【この人の哲学(最終回)】リバイバルヒットしている「め組のひと」や中森明菜の「少女A」、チェッカーズ、矢沢永吉の数々のヒット曲で知られる作詞家の売野雅勇氏。売野氏に時代の“潮目”を気づかせ、車も家も替えさせたあるミュージシャンとは?

 ――前回は矢沢永吉さんのお話でした。他に印象に強く残っているアーティストは

 売野氏:坂本龍一さんですね。本物の知性を持ったインテリです。本当に博識です。レコーディング前に本を読んでたから、「何の本ですか?」と聞いたら「量子論の本なんだけど、本当は高校生のころに読んでなくちゃいけないのにね。今ごろ読んでるの」と言われて驚きました。音楽家であそこまで幅広く豊富な知識を持っている人、いないんじゃないかな。

 ――影響を受けましたか

 売野氏:知識欲を刺激されて、勉強しなきゃと思いましたね。坂本さんの話はもう20年以上前だけど、今もあらゆるジャンルの本を読んでます。並行して5冊ぐらい、月に40冊ぐらい読みます。詞とは関係ない、知識欲、好奇心から手を伸ばす本ばかりですが、関係ない本を読んでいると、作詞する時に返ってくるんです。

 ――気になった本は

 売野氏:30年、40年ぶりに太宰治の「人間失格」を読んで、驚きました。彼は文章が本当にうまい。三島由紀夫は「僕は太宰さんの文学は嫌い」と言いながら、その才能を認めていた。
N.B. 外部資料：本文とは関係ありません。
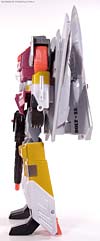 Universe - Classics 2.0 Silverbolt - Image #72 of 126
その意味がやっとわかりました。以前は気づいてなかったけど、初めて太宰の才能がわかりました。文章がともかく品格があって、美しいのです。

 ――そうなんですね!

 売野氏:太宰はイメージで語られがちだけど、計り知れない才能の持ち主です。そういえば、会ったことがない人から影響を受けたこともありました。その人を知って車も住む場所も替えました。

 ――誰ですか

 売野氏:Mr.Childrenの桜井和寿君です。ミスチルの曲がヒットした1994年、バブルがはじけたころ。彼らの曲を聴いて、こういう真面目な歌が受けているのか。時代の潮目だ、と直感したんですよ。「Japan As №1」の時代は永遠に終わった。真面目で質実な時代が始まっている。自分のOSのバージョンを変えなきゃ対応できないと。それで桜井君のディレクターに聞いたんです。「彼はどんな車に乗ってるの?」と。

 ――高級車ですか

 売野氏:これが超実用的なフォルクスワーゲンのワゴン。そうか、こういうことだよなと思って、当時乗っていた古いベンツとスポーツカーを処分して、ボルボのステーションワゴンに替えました。質実剛健で実用的な車にね。でも、遊びがないというか、運転していてワクワクしないから、逆に自分はこういう車に乗ってちゃいけないと思って3年ぐらいで売りました。

 ――車の影響ってあるんですか

 売野氏:車は人生が向かう方向のシンボルですから、生活を規定します。それに官能にもシグナルを送り続けるから重大です。住む場所と、周囲の女性も影響が大きい。呼吸と一緒で、その場所、人の何かを体に取り込んでいます。で、当時、飯倉(東京タワーの近く)に住んでいたんだけど、ボルボを売ってこのままここに住んでちゃダメだと思って、東京の右側に引っ越しました。

 ――車の次は家。創作活動のために環境をガラッと変えたんですね

 売野氏:ちょうど芝居を書いてて、人間や生活を描かなきゃいけないのに、浮かれた感じの場所じゃ良くないとね。引っ越し先は上野池之端。1年とたたないうちに良い作品、書きたかった作品が書けました。今も東京の右半分に住んでます。人の営みの真実はこっちにあると思う。

 ――最後にいま力を入れてることは

 売野氏:面白いエンタメをやりたいと思っていて、ロシア出身の女性ボーカルユニット「Max Lux」をプロデュースしています。歌がうまいのは当たり前。2人ともとてもきれいです。近くでライブがあったら、ぜひ見に行ってください。

★プロフィル=うりの・まさお 1951年生まれ。栃木県出身。上智大学文学部英文学科卒業後、コピーライター、ファッション誌副編集長を経て作詞家に。82年に中森明菜の「少女A」が大ヒット。チェッカーズ、郷ひろみ、矢沢永吉、SMAPなど数々のアーティストに作品を提供。映画・演劇の脚本・監督・プロデュースも手掛ける。著書に「砂の果実 80年代歌謡曲黄金時代疾走の日々」。ロシア出身の美貌のデュオ「Max Lux」をプロデュース。